• [PROMPT]:
Return the listing exactly, please; no pictures.

• [DATASET ENTRIES]:
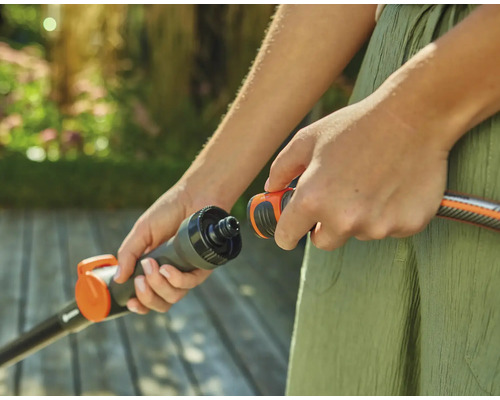 Persoon verbindt tuinslang met een verbindingsstuk.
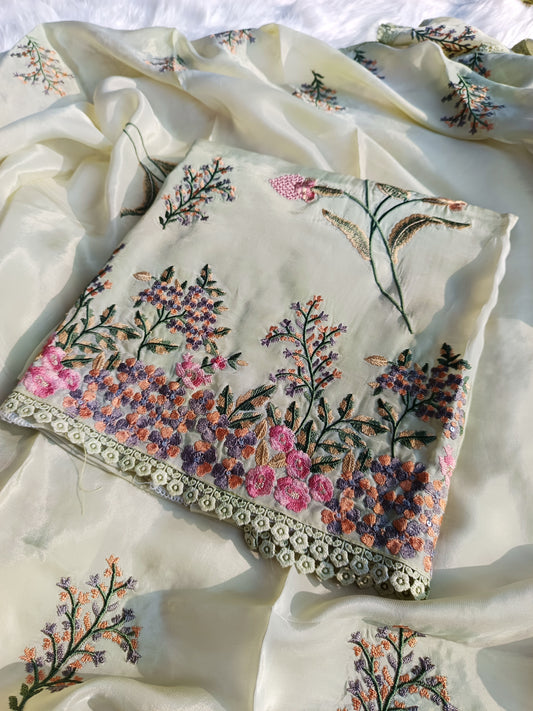 Close-up of delicately embroidered neckline on an organza silk suit highlighting fine craftsmanship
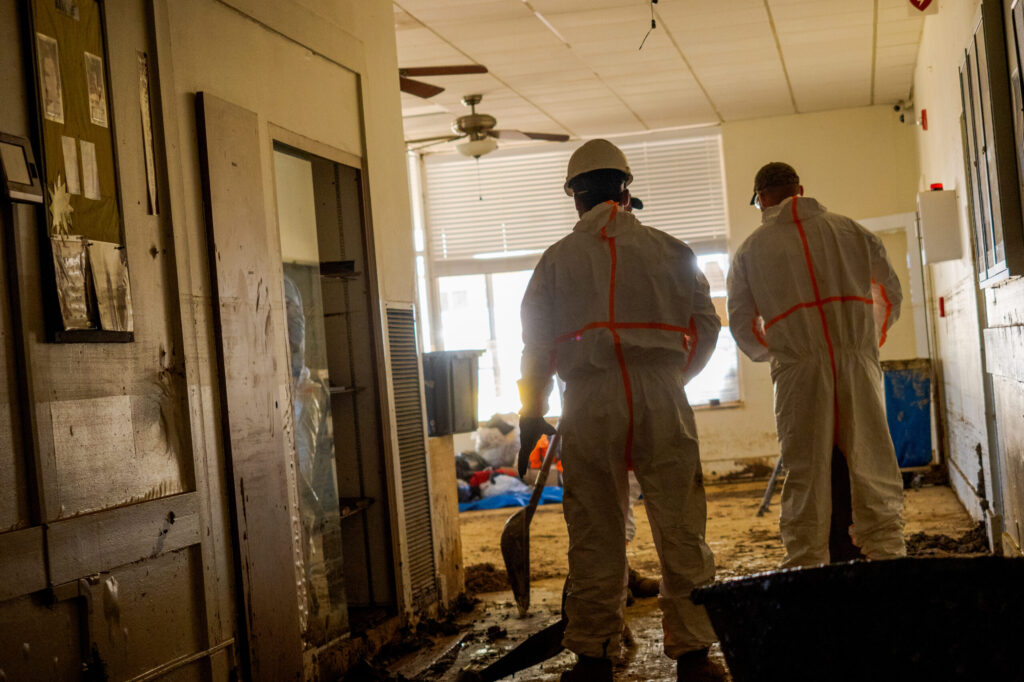 hurricane relief volunteers clean a home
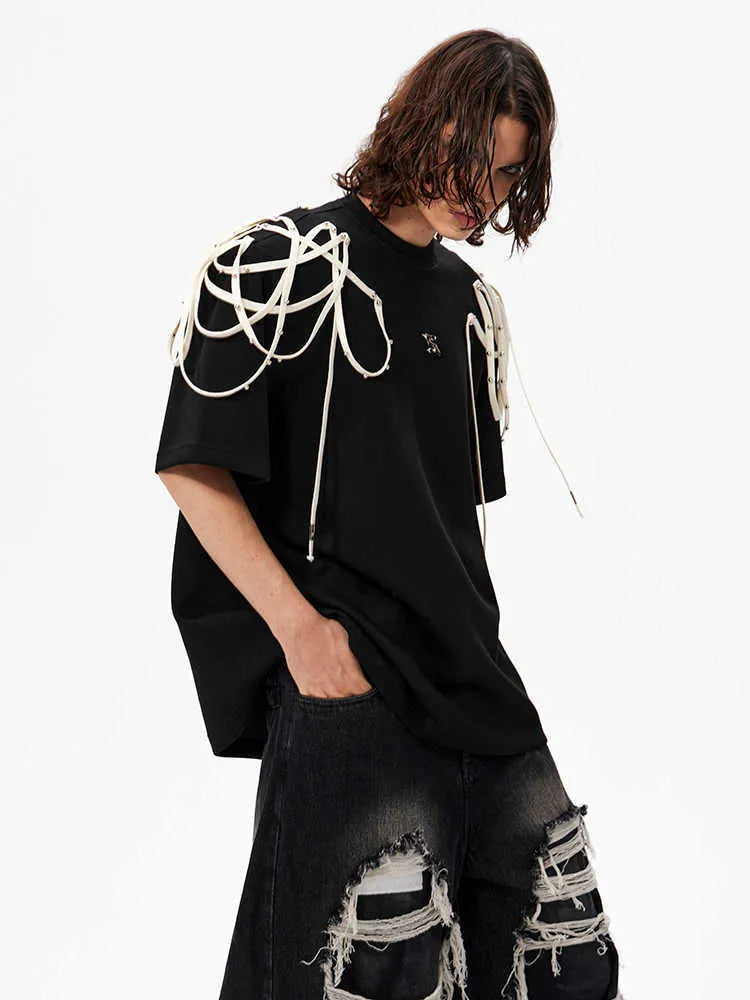 Black loose fit short-sleeved T-shirt with padded shoulders and rivet ribbon trim.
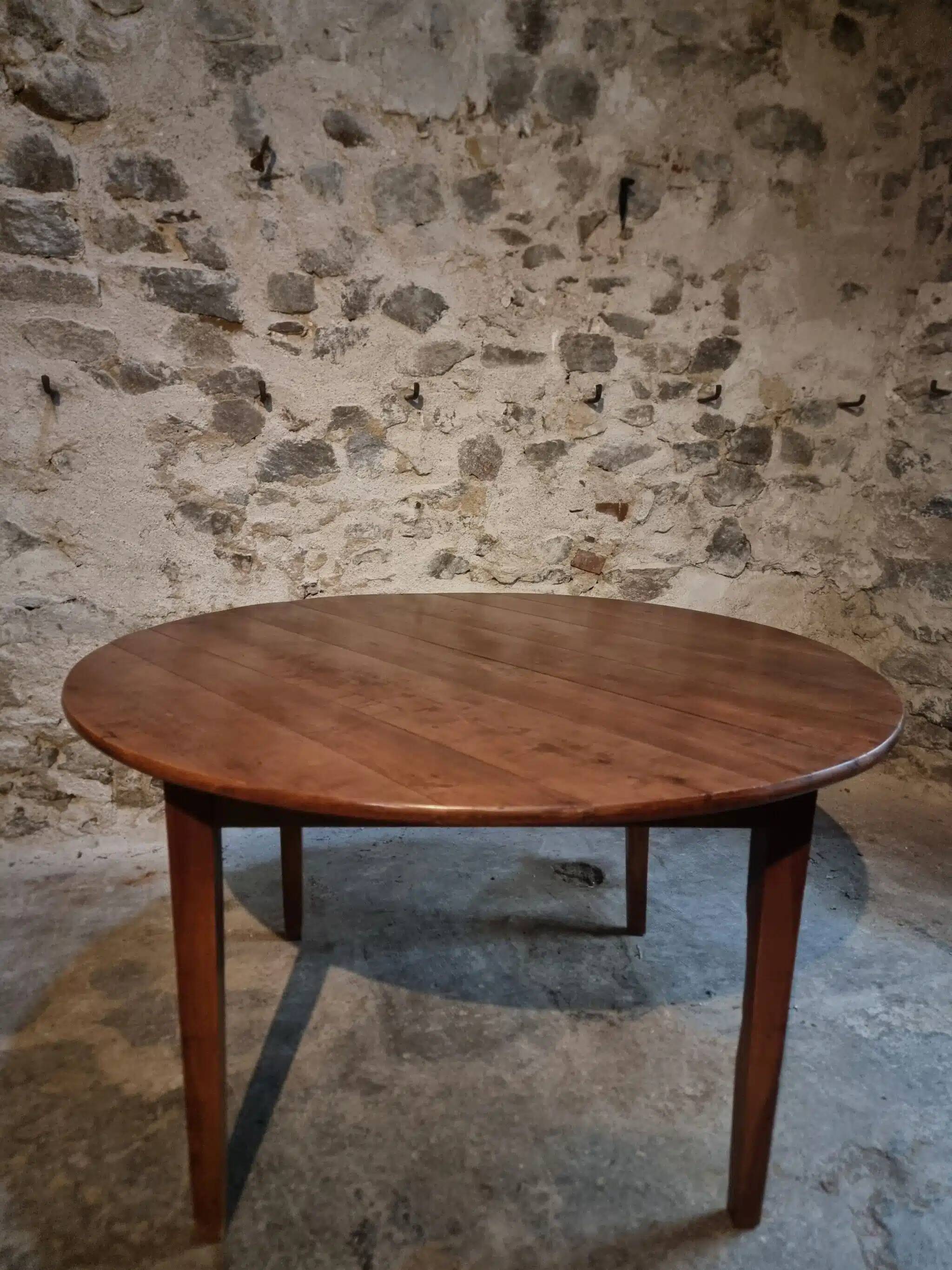Antique round dining table in cherry wood, France, circa 1920.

• [EXERCISE OUTPUT]:
 Persoon verbindt tuinslang met een verbindingsstuk.
 Close-up of delicately embroidered neckline on an organza silk suit highlighting fine craftsmanship
 hurricane relief volunteers clean a home
 Black loose fit short-sleeved T-shirt with padded shoulders and rivet ribbon trim.
Antique round dining table in cherry wood, France, circa 1920.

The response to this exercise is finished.